§ **Items from a data source**

---

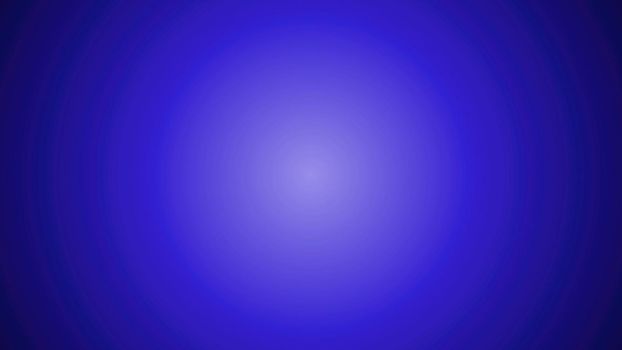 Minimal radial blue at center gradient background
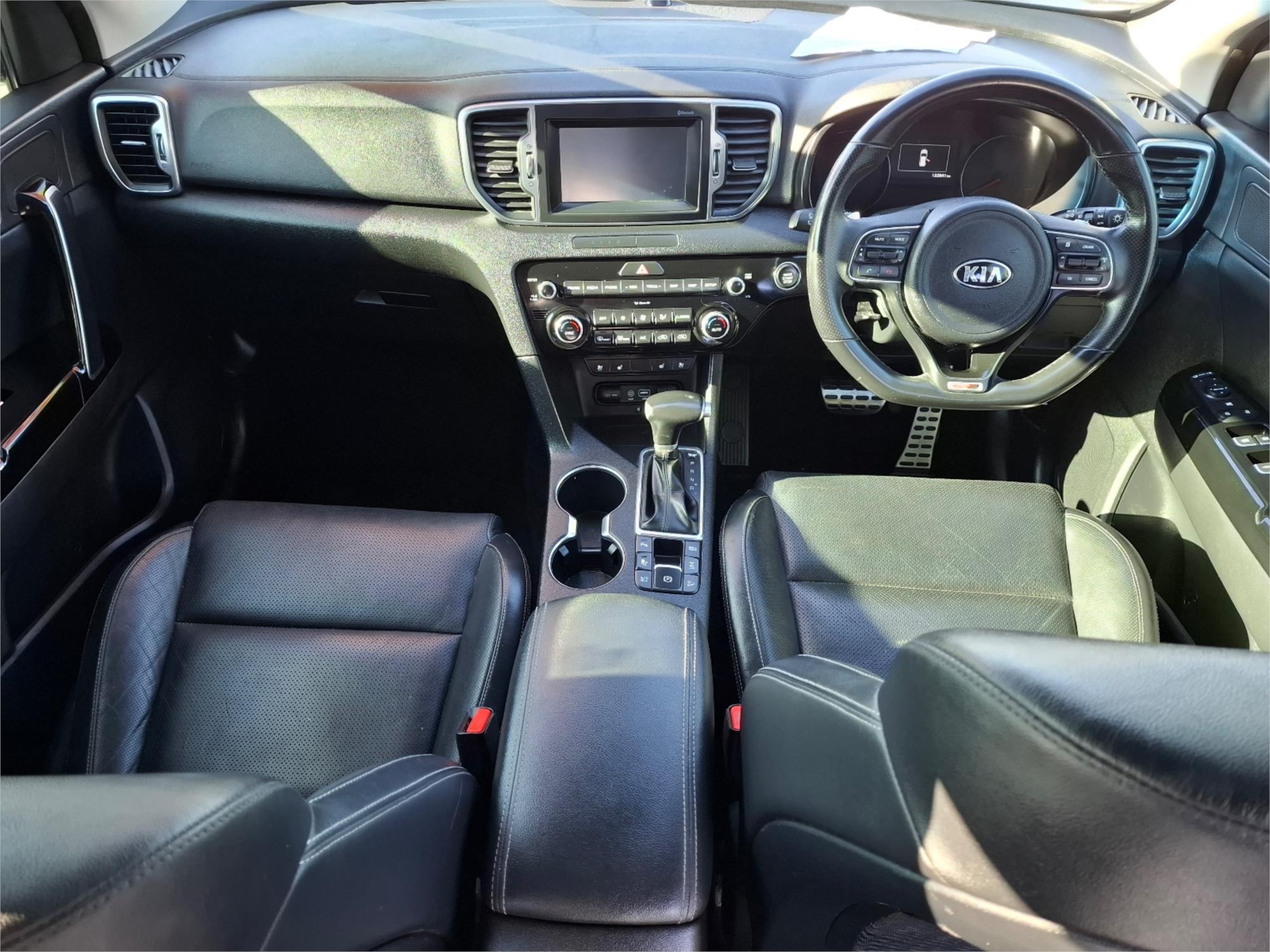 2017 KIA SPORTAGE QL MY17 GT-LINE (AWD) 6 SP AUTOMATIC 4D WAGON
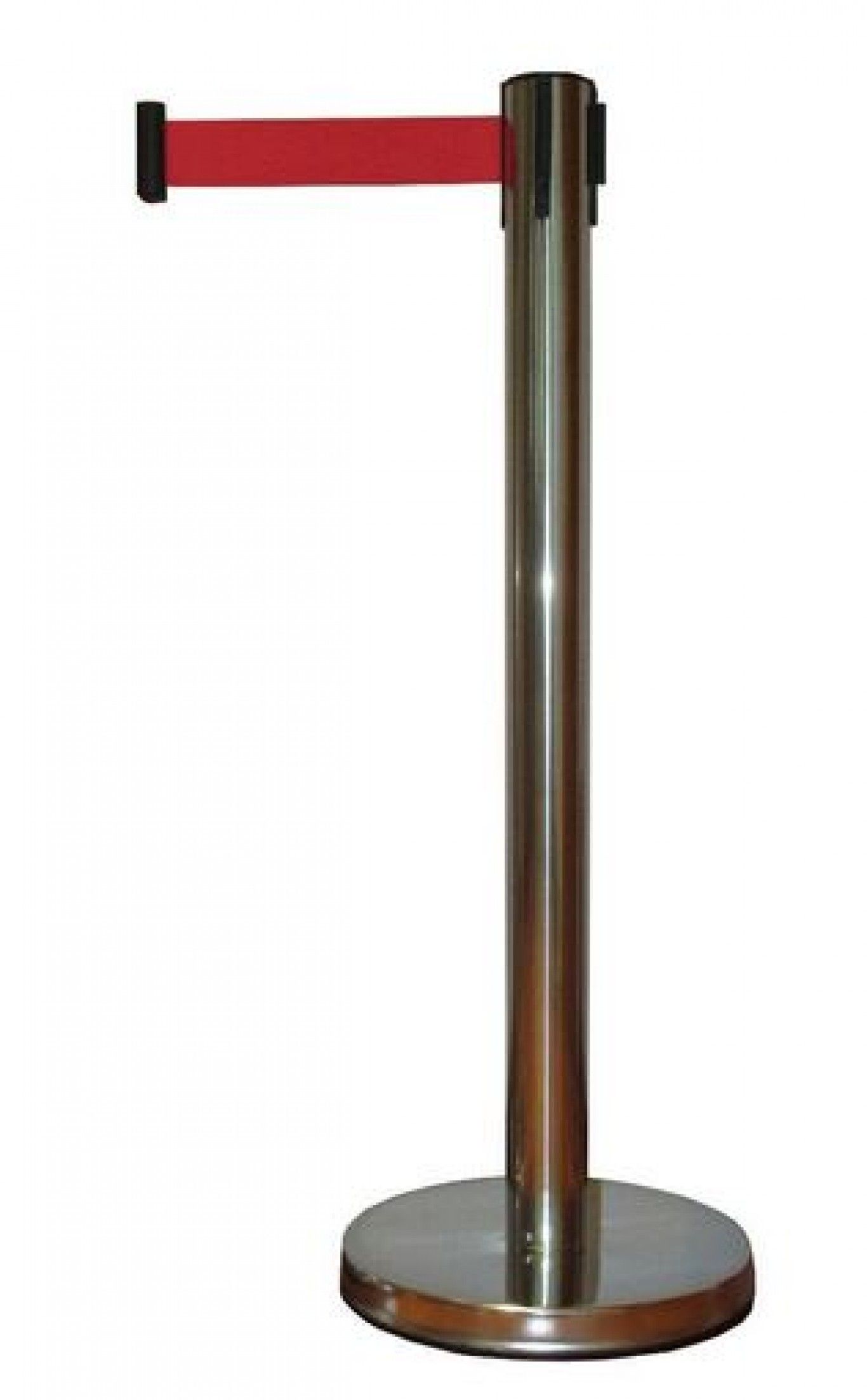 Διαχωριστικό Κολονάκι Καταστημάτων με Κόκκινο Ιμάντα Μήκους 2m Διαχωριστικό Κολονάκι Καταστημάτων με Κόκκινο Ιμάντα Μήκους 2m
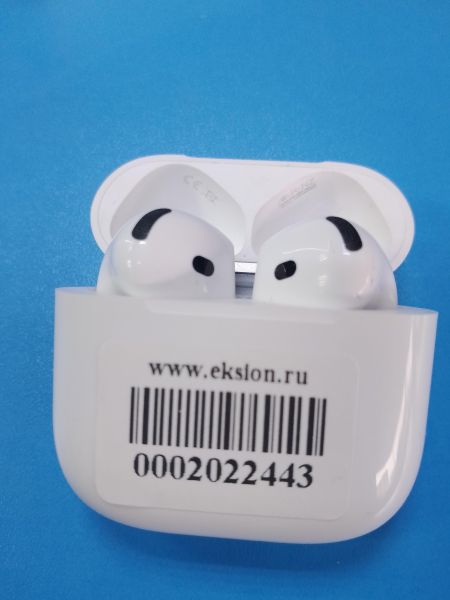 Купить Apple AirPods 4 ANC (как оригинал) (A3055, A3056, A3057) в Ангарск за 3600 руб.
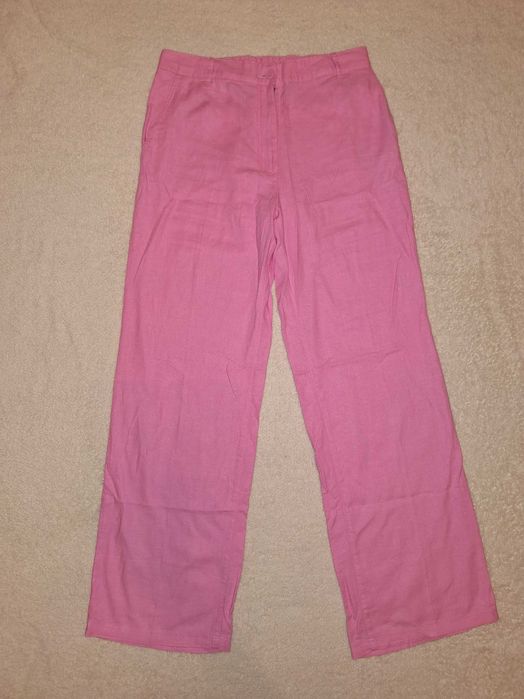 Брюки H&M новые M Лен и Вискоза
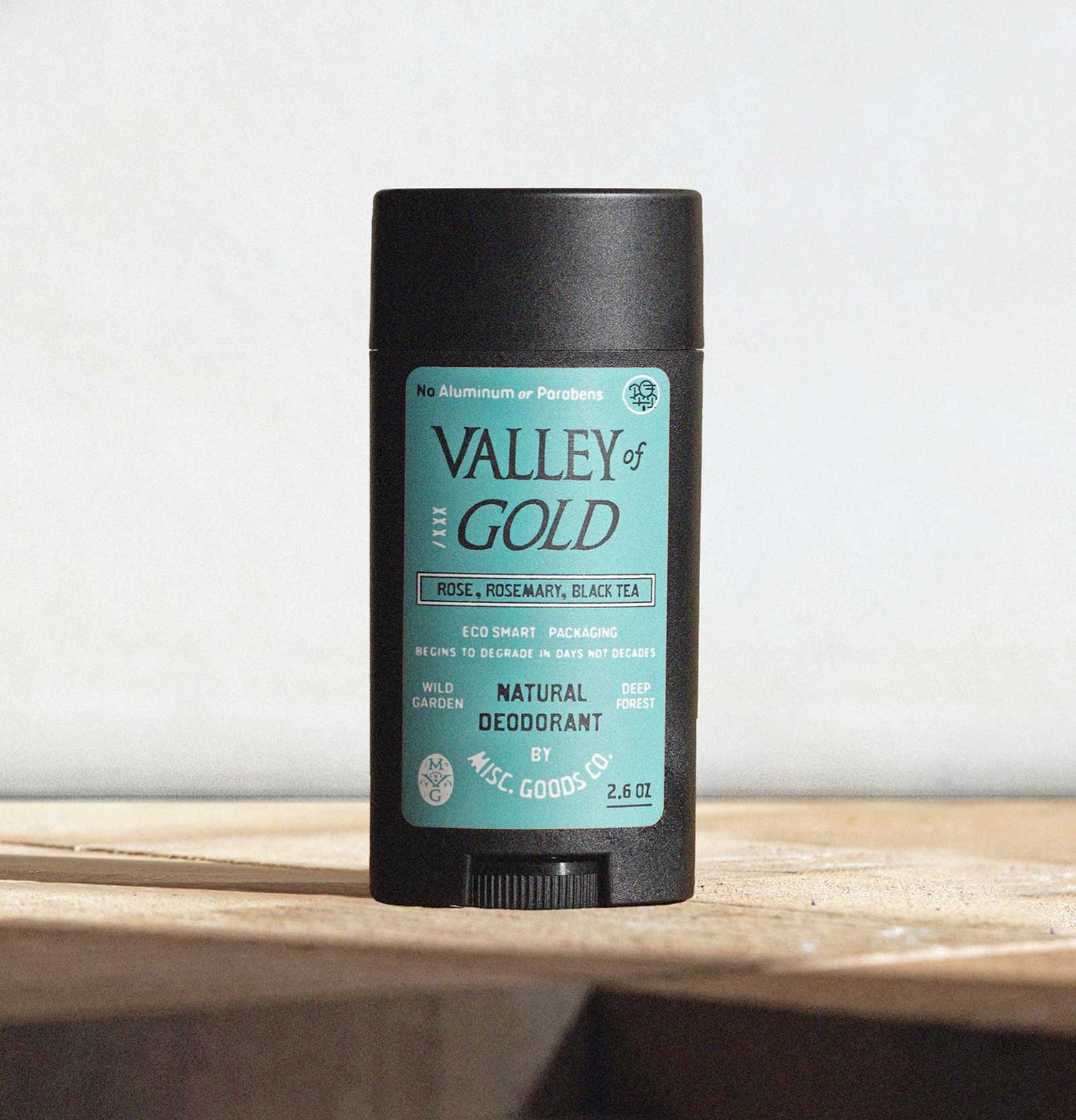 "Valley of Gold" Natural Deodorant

---

§ **Task brief**
The records above should be reproduced exactly, with the pictures omitted.

§ **Problem solution**
 Minimal radial blue at center gradient background
 2017 KIA SPORTAGE QL MY17 GT-LINE (AWD) 6 SP AUTOMATIC 4D WAGON
 Διαχωριστικό Κολονάκι Καταστημάτων με Κόκκινο Ιμάντα Μήκους 2m Διαχωριστικό Κολονάκι Καταστημάτων με Κόκκινο Ιμάντα Μήκους 2m
 Купить Apple AirPods 4 ANC (как оригинал) (A3055, A3056, A3057) в Ангарск за 3600 руб.
 Брюки H&M новые M Лен и Вискоза
 "Valley of Gold" Natural Deodorant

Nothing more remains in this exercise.